To do. Retype each record exactly, please. Skip none.
+ + +
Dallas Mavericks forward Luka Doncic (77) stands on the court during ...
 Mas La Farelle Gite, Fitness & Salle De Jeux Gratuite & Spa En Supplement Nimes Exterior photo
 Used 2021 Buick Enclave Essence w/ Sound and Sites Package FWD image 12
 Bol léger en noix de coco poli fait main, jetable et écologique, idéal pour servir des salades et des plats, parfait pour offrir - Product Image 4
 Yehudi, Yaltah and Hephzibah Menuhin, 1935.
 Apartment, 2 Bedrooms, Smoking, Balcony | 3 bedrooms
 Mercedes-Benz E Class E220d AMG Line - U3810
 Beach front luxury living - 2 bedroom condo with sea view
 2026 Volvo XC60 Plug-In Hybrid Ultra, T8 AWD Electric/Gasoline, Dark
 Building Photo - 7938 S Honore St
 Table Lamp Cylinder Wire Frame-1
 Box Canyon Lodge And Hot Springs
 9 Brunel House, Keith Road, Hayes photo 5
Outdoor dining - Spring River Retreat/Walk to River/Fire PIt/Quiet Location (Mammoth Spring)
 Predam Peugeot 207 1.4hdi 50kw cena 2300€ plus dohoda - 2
+ + +
Reply to the exercise.
Dallas Mavericks forward Luka Doncic (77) stands on the court during ...
 Mas La Farelle Gite, Fitness & Salle De Jeux Gratuite & Spa En Supplement Nimes Exterior photo
 Used 2021 Buick Enclave Essence w/ Sound and Sites Package FWD image 12
 Bol léger en noix de coco poli fait main, jetable et écologique, idéal pour servir des salades et des plats, parfait pour offrir - Product Image 4
 Yehudi, Yaltah and Hephzibah Menuhin, 1935.
 Apartment, 2 Bedrooms, Smoking, Balcony | 3 bedrooms
 Mercedes-Benz E Class E220d AMG Line - U3810
 Beach front luxury living - 2 bedroom condo with sea view
 2026 Volvo XC60 Plug-In Hybrid Ultra, T8 AWD Electric/Gasoline, Dark
 Building Photo - 7938 S Honore St
 Table Lamp Cylinder Wire Frame-1
 Box Canyon Lodge And Hot Springs
 9 Brunel House, Keith Road, Hayes photo 5
Outdoor dining - Spring River Retreat/Walk to River/Fire PIt/Quiet Location (Mammoth Spring)
 Predam Peugeot 207 1.4hdi 50kw cena 2300€ plus dohoda - 2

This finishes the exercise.